String (p.matrix.0.1.0.doc.matrix.glyph.Glyph.String)

Measuring

Sourceval measure : width_method:width_method -> tab_width:int -> string -> int

measure ~width_method ~tab_width s is the total display width of s. Control characters contribute 0.

Note. Invalid UTF-8 byte sequences are replaced with U+FFFD, each contributing width 1.

Counting

Sourceval grapheme_count : string -> int

grapheme_count s is the number of user-perceived characters (grapheme clusters) in s. Uses full UAX #29 segmentation.

Iterating

Source

val iter_graphemes : 
  ?ignore_zwj:bool ->
  (offset:int -> len:int -> unit) ->
  string ->
  unit

iter_graphemes f s calls f ~offset ~len for each grapheme cluster in s.

ignore_zwj defaults to false. When true, ZWJ does not join emoji sequences (same boundary behaviour as `No_zwj).

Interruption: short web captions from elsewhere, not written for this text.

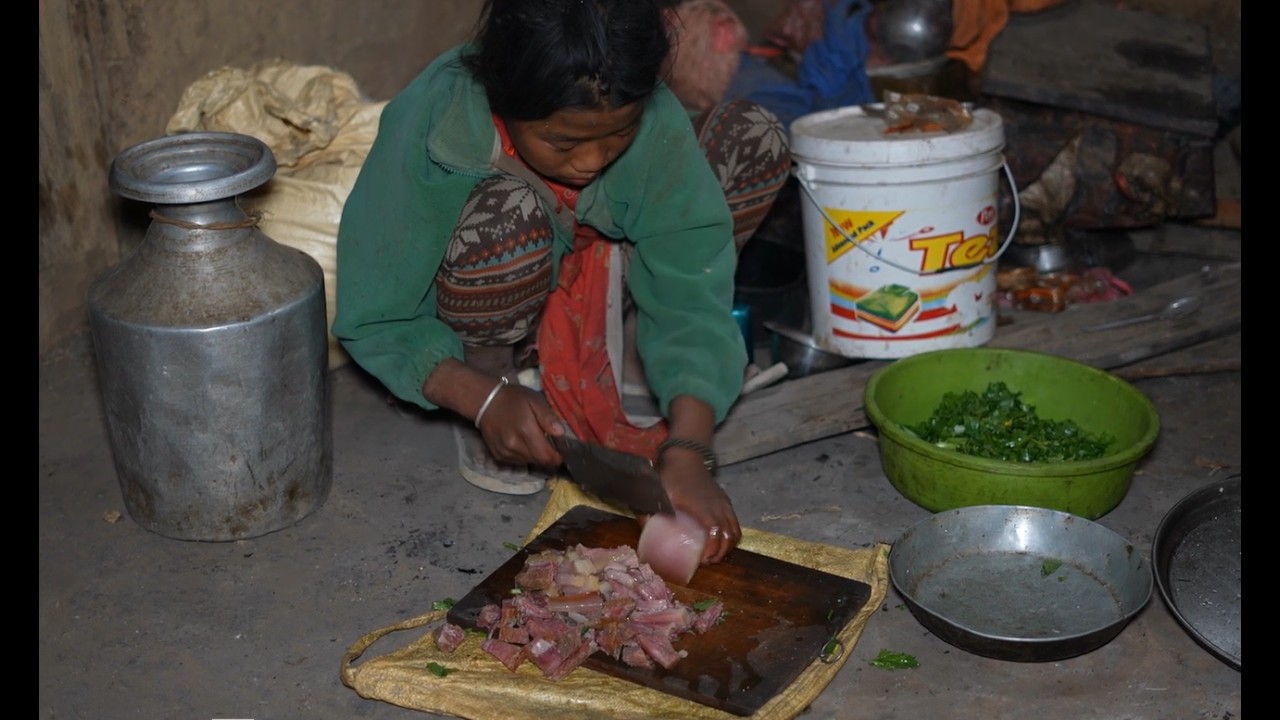 Cooking green vegetables and pork stew in the village ll Rural village life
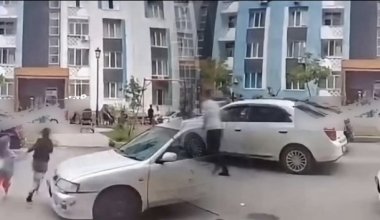 Алматы облысындағы тұрғын үй кешенінің ауласында екі баланы көлік қағып кетті
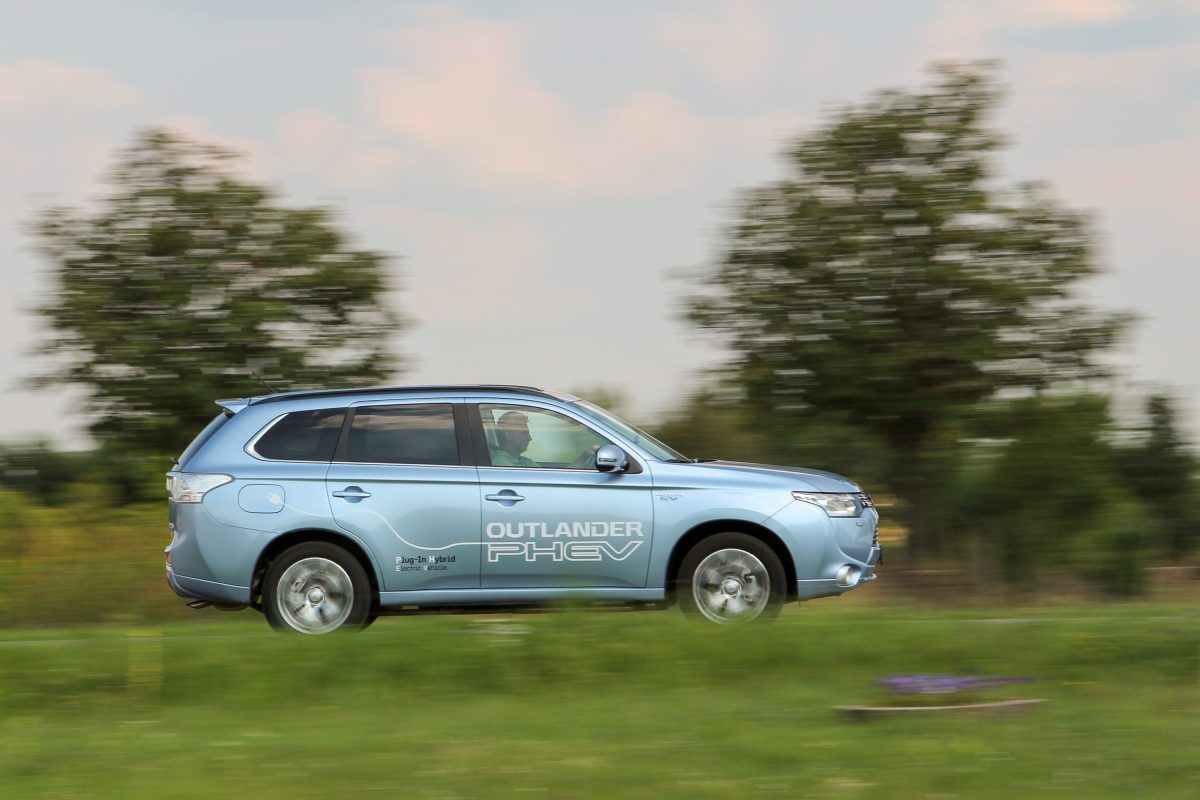 MITSUBISHI OUTLANDER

Note. Invalid UTF-8 byte sequences are treated as individual replacement characters (U+FFFD).

See also iter_graphemes.

Source

val iter_wrap_breaks : 
  ?width_method:width_method ->
  (break_byte_offset:int ->
    next_byte_offset:int ->
    grapheme_offset:int ->
    unit) ->
  string ->
  unit

iter_wrap_breaks f s calls f ~break_byte_offset ~next_byte_offset ~grapheme_offset for each word-wrap break opportunity in s, in order from start to end, with:

break_byte_offset — zero-based byte position of the grapheme containing the wrap-break character.
next_byte_offset — zero-based byte position of the next grapheme after the break (the resume position).
grapheme_offset — zero-based grapheme index of the grapheme containing the wrap-break character.

Breaks occur after graphemes containing ASCII space, tab, hyphen, path separators, punctuation, brackets, and Unicode NBSP, ZWSP, soft hyphen, and typographic spaces.

width_method controls grapheme boundary detection: `Unicode (the default) treats ZWJ sequences as single graphemes, `No_zwj breaks them apart.